• **Short descriptive text snippets**:

Start of Block

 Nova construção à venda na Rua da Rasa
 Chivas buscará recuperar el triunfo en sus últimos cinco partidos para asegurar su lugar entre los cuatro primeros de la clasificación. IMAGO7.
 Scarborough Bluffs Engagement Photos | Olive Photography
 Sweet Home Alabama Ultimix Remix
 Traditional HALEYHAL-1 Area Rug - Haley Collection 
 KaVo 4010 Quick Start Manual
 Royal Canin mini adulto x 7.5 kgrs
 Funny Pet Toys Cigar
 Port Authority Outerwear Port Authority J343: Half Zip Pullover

End of Block
Start of Block

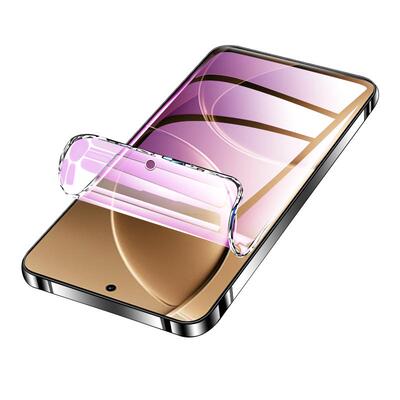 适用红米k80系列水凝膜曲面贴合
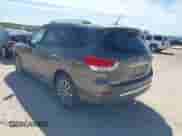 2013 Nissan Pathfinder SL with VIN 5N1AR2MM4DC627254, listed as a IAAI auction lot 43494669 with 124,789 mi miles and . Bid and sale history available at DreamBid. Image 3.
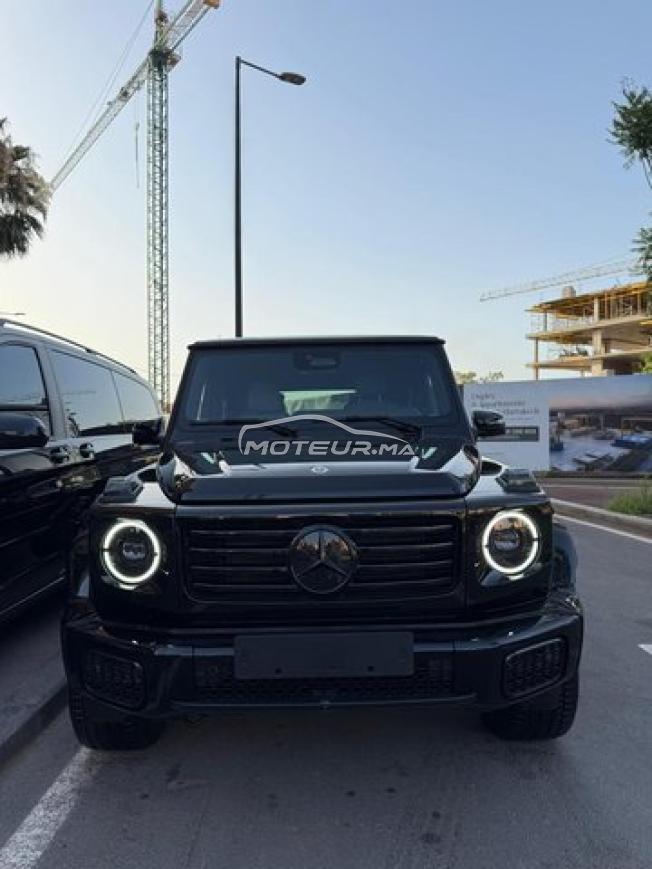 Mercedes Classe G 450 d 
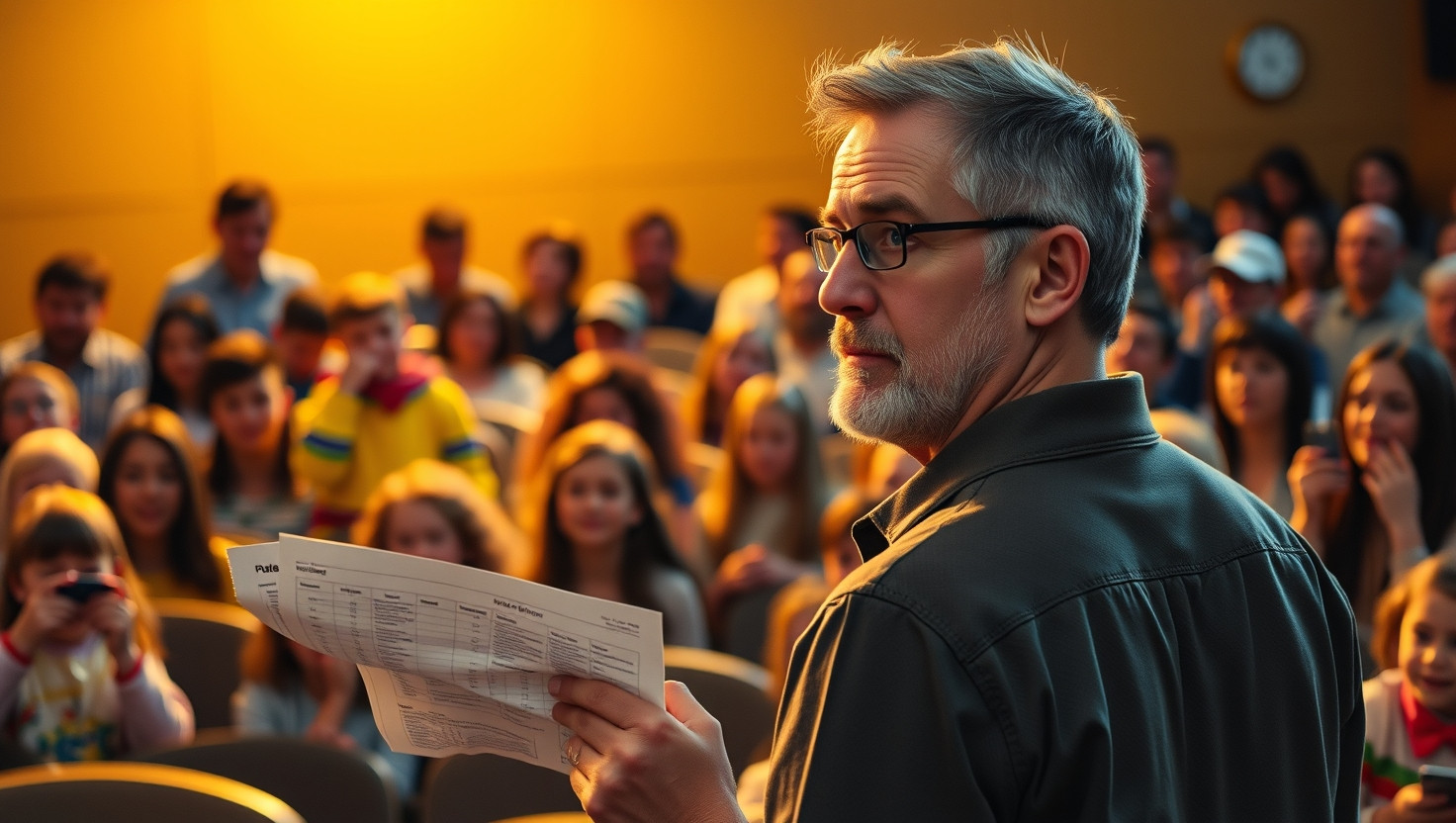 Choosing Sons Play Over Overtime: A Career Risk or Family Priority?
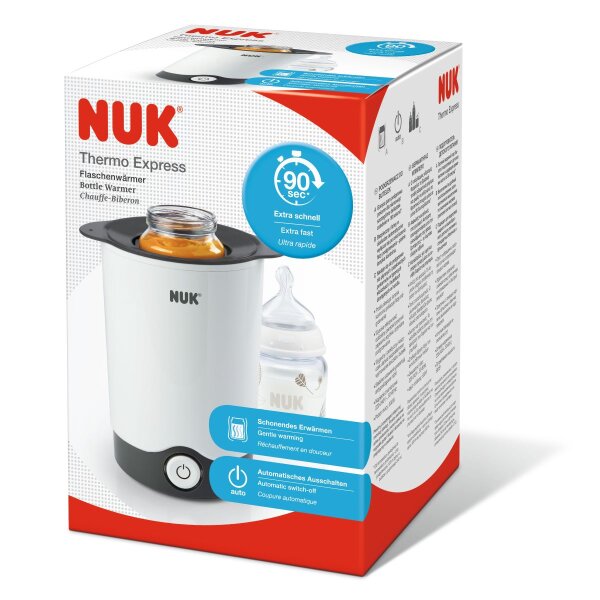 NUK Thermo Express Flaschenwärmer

End of Block

• **Work request**: Your answer should consist solely of the lines above from the line with "Traditional HALEYHAL-1 Area" to the line with "Port Authority Outerwear", both included, reproduced exactly.

• **Answer for the task**:
 Traditional HALEYHAL-1 Area Rug - Haley Collection 
 KaVo 4010 Quick Start Manual
 Royal Canin mini adulto x 7.5 kgrs
 Funny Pet Toys Cigar
 Port Authority Outerwear Port Authority J343: Half Zip Pullover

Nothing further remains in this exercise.